The so-called Rio+20 Earth Summit featured plenty of theatrics, including Greenpeace's unfurling Thursday of an "Arctic Scroll," signed by such luminaries as Paul McCartney and Robert Redford, to be planted on the North Pole seabed to draw attention to global warming. The summit also hosted dozens of serious policy discussions.
Conservation International Vice President Carlos Manuel Rodríguez said he was encouraged that Scandinavian leaders pledged support for systems that would place an economic value on clean waterways, intact forests and other important ecosystems.
Ecuador's secretary of state, Ivonne Baki, who is trying to recruit donors to compensate her nation for protecting its Yasuni National Forest rather than extracting the oil beneath it, said she was pleased more than 500 people came to her presentation.
"It gives an example to the world of a developing country doing something to preserve one of the most biodiverse places in the world, the Amazon," she said.
Companies and countries alike used the gathering, with tens of thousands of attendees, as a moment to make new environmental pledges.
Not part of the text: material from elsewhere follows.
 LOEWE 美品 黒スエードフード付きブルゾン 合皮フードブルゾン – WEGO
Grenada announced its transport and electricity sectors will use only clean-energy sources by 2030; Unilever promised to cut its greenhouse-gas emissions in half by 2020.
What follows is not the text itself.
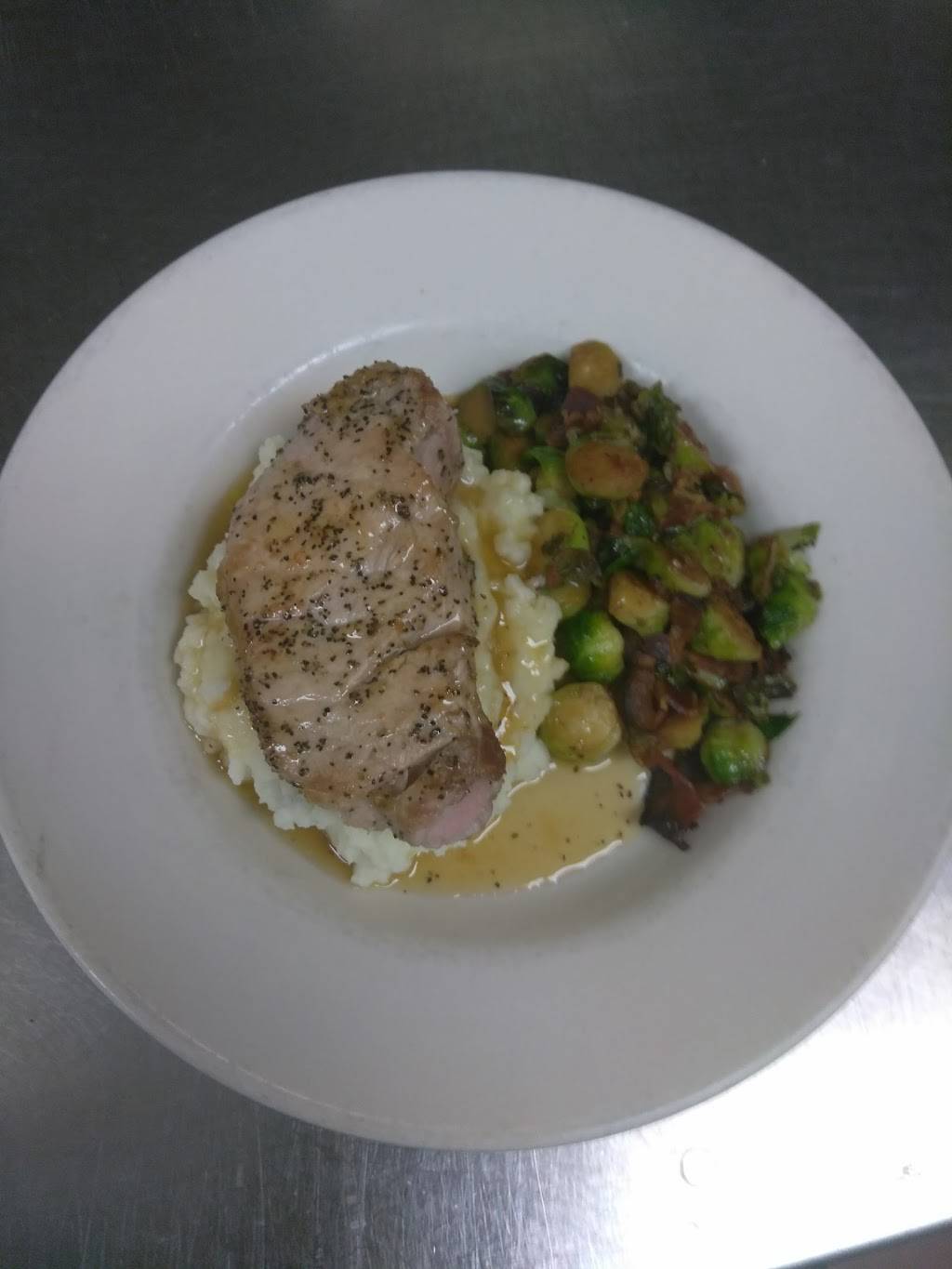 Waxy OConnors Irish Pub | restaurant | 121 Main St, Foxborough, MA 02035, USA | 5086989299 OR +1 508-698-9299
Nonetheless, veterans of the international process and some of its newest participants wondered if such negotiations can produce meaningful outcomes.
Manish Bapna, acting president of the World Resources Institute, said the combination of "strong-vested interests" and the need for unanimous approval in the United Nations led to a final agreement that reflects the "lowest common denominator."
"I think this process is totally broken," wrote Melinda Kimble, the U.N. Foundation's senior vice president, who as a State Department negotiator helped forge the 1997 Kyoto Protocol on global warming. "While we are searching for a new paradigm to advance international cooperation, this meeting is definitely not a model."
Brittany Trilford, 17, a New Zealander who won a contest to attend and represent global youth in an address to the assembled delegates, said she was shocked by the final product.
"This doesn't look very ambitious, and it doesn't look like it will do anything," she said.
Kimble and other experienced negotiators such as Yvo de Boer, who previously oversaw the U.N. Framework Convention on Climate Change, said the summit was hampered by the economic downturn and lack of a shared vision about how the world should tackle its long-term problems. President Obama skipped the meeting, as did British Prime Minister David Cameron and German Chancellor Angela Merkel.
Secretary of State Hillary Rodham Clinton addressed delegates Friday, in Obama's place. She spoke of forging partnerships that would harness "the power of the market" rather than relying solely on governmental action. "It should be said of Rio that people left here thinking, as the late Steve Jobs put it, not just big, but different."